Si la gente del Tercer Mundo se pusiera a consumir como nosotros, los recursos no renovables (como los combustibles fósiles) se agotarían en pocos años. "Afortunadamente" son pobres y consumen poco, cada vez menos. Pero lo deseable es que a la larga acaben viviendo bien y consumiendo como nosotros, para lo cual es necesaria una drástica reducción de su población, o, cuando menos, un freno a su crecimiento. Según las últimas proyecciones, a mediados del siglo próximo la árida Nigeria tendrá 530 millones de habitantes, y la famélica India, 2.000 millones. Los horrores de abyecta miseria que tal perspectiva ofrece no podrán ser paliados por ningún sistema de redistribución.

En los países desarrollados (Estados Unidos, Canadá, Europa, Unión Soviética y Japón) la bomba de población ha sido desactivada. Además, el final de la confrontación soviético-norteamericana aleja el espectro de la guerra. Los problemas que se plantean a los 1.000 millones de habitantes de esta parte del mundo parece que tienen solución. Lo malo es que ellos sólo constituyen un quinto de la humanidad. Los otro cuatro quintos siguen multiplicándose desaforadamente, y su crecimiento exponencial es una bomba en plena explosión.

En estos momentos la explosión demográfica de África, Latinoamérica y Asia Meridional -por encima de la reposición de las muertes- 100 millones de bocas hambrientas suplementarias al año. Y los recursos escasos que habrían de concentrarse en menos infantes, a fin de proporcionarles la oportunidad de una vida digna, se dispersan todavía más entre cada vez más criaturas cada vez más miserables.

En 1968, cuando esta explosión era ya alarmante, el papa Pablo VI condenaba la anticoncepción y el aborto en su encíclica Humanae Vitae. En los países avanzados, los católicos se han limitado a ignorar tan absurda postura. Los índices de natalidad de los católicos no difieren de los de los no católicos.
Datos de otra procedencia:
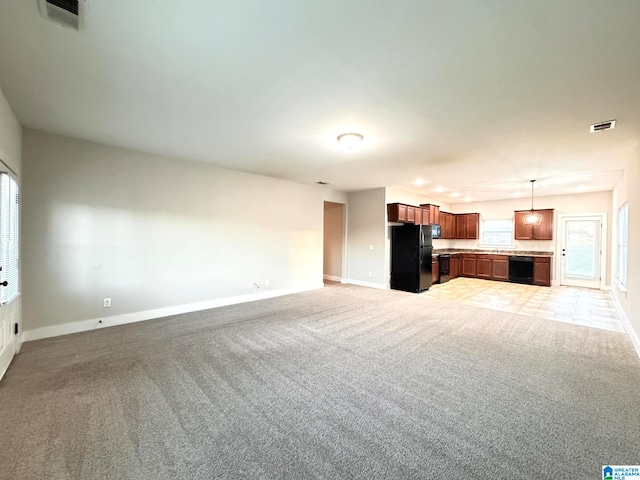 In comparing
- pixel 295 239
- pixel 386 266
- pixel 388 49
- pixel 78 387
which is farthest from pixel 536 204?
pixel 78 387

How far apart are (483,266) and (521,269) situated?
39.9 inches

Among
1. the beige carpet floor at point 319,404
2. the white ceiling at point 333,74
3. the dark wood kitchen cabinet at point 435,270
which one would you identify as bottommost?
the beige carpet floor at point 319,404

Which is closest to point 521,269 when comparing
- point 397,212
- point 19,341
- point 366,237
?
point 397,212

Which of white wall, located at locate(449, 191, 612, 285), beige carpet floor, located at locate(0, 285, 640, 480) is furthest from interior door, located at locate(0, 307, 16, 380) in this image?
white wall, located at locate(449, 191, 612, 285)

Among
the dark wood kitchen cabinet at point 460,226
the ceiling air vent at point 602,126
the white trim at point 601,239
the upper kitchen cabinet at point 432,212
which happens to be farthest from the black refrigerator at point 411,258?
the white trim at point 601,239

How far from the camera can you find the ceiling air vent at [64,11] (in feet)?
4.99

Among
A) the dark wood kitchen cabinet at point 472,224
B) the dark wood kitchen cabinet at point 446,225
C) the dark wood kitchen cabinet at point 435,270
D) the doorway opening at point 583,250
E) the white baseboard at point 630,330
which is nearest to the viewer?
the white baseboard at point 630,330

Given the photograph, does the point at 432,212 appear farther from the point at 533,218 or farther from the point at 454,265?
the point at 533,218

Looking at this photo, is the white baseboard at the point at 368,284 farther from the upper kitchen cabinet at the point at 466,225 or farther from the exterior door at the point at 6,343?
the exterior door at the point at 6,343

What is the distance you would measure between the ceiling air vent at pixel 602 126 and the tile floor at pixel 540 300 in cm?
298

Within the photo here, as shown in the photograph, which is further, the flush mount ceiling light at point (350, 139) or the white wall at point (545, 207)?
the white wall at point (545, 207)

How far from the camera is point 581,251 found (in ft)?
24.7

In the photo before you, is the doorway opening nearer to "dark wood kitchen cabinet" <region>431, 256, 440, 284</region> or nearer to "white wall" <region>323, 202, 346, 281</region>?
"dark wood kitchen cabinet" <region>431, 256, 440, 284</region>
Y precisamente Italia se ha puesto a la cabeza del mundo en cuanto a reducción de la fertilidad (1,3 infantes por pareja).

La explosión demográfica se produce sobre todo en los países pobres, cuyas mujeres carecen de la información, la libertad y los medios para evitar los embarazos o abortar. Y allí es donde el anatema vaticano ha hecho mella y ha producido mucho más sufrimiento y miseria del que todas las madres Teresas puedan nunca aliviar. Los expertos aconsejan a los Gobiernos de esos países poner en marcha políticas vigorosas de control de la natalidad como requisito indispensable -aunque no suficiente- para escapar del círculo infernal del hambre y la degradación del medio. Muchos de esos Gobiernos seguirían tales consejos, si no fuera por la presión en contra que ejerce el fanatismo religioso, del que es triste ejemplo el actual papa, Juan Pablo II, vendedor infatigable de la irracionalidad demográfica entre los países pobres que con frecuencia visita.

La biosfera está enferma. Y nosotros somos la enfermedad. La humanidad es el cáncer de la biosfera. La única esperanza estriba en que somos un cáncer capaz de tomar conciencia de sí mismo y de autorregularse. Si las grandes potencias han encontrado la unidad de acción para oponerse a Sadam Husein, quizá puedan encontrarla también para afrontar problemas de mayor enjundia. Esperemos que un día no lejano dejemos de ser el cáncer de la biosfera para convertirnos en su consciencia. Todos saldremos ganando.

Jesús Mosterín es catedrático de Lógica y Filosofía de la Ciencia de la Universidad de Barcelona.